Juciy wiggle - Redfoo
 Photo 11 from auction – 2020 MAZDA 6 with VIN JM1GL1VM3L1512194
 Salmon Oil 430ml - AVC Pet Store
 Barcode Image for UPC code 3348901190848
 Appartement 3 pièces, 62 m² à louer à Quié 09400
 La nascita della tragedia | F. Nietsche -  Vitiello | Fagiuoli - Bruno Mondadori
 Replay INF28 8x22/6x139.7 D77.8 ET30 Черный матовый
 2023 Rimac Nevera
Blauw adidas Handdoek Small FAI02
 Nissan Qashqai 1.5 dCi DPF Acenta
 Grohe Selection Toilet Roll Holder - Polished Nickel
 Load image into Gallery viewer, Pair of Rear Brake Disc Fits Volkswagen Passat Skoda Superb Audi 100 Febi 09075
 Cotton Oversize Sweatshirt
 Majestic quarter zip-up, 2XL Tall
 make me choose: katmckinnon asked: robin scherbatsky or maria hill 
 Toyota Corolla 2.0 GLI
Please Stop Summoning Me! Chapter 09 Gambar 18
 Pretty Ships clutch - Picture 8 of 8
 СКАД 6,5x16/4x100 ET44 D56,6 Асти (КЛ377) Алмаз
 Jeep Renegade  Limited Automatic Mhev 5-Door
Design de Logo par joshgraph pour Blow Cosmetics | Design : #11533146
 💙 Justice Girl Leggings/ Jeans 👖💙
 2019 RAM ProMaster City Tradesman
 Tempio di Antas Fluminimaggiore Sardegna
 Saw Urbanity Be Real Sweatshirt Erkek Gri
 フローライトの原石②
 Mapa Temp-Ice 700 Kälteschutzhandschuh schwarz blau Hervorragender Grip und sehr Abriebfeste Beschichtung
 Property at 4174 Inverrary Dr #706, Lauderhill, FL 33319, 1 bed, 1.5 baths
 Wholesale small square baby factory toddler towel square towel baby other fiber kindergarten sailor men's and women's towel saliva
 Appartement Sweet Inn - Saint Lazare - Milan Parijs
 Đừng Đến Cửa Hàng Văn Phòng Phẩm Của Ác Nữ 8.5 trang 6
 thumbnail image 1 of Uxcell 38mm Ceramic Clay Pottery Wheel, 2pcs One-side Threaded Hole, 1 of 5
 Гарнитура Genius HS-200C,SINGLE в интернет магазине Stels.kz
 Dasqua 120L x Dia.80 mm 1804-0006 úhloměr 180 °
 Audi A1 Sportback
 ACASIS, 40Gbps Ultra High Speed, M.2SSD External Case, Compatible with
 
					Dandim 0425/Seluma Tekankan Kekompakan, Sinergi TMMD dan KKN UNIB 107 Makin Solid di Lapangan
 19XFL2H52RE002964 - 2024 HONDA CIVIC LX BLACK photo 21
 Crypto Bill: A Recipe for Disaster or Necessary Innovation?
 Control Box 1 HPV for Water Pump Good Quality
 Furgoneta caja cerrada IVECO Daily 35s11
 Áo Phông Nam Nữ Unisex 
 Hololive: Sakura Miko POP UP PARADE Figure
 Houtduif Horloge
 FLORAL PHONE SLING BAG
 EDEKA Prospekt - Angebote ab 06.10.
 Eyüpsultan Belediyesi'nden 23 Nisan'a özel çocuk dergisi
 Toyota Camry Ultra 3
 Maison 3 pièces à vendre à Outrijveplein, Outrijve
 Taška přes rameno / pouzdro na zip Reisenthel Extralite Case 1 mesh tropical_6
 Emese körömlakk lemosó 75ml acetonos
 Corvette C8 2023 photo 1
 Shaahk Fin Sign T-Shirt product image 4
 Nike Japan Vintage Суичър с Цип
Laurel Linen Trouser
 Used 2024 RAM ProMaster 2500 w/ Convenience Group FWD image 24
● ● ● ●
*PROBLEM DETAILS*: Give back the records above exactly, limited to the lines between the one holding "Tempio di Antas Fluminimaggiore Sardegna" and the one holding "Dandim 0425/Seluma Tekankan", inclusive.

*YOUR RESPONSE*:
 Tempio di Antas Fluminimaggiore Sardegna
 Saw Urbanity Be Real Sweatshirt Erkek Gri
 フローライトの原石②
 Mapa Temp-Ice 700 Kälteschutzhandschuh schwarz blau Hervorragender Grip und sehr Abriebfeste Beschichtung
 Property at 4174 Inverrary Dr #706, Lauderhill, FL 33319, 1 bed, 1.5 baths
 Wholesale small square baby factory toddler towel square towel baby other fiber kindergarten sailor men's and women's towel saliva
 Appartement Sweet Inn - Saint Lazare - Milan Parijs
 Đừng Đến Cửa Hàng Văn Phòng Phẩm Của Ác Nữ 8.5 trang 6
 thumbnail image 1 of Uxcell 38mm Ceramic Clay Pottery Wheel, 2pcs One-side Threaded Hole, 1 of 5
 Гарнитура Genius HS-200C,SINGLE в интернет магазине Stels.kz
 Dasqua 120L x Dia.80 mm 1804-0006 úhloměr 180 °
 Audi A1 Sportback
 ACASIS, 40Gbps Ultra High Speed, M.2SSD External Case, Compatible with
 
					Dandim 0425/Seluma Tekankan Kekompakan, Sinergi TMMD dan KKN UNIB 107 Makin Solid di Lapangan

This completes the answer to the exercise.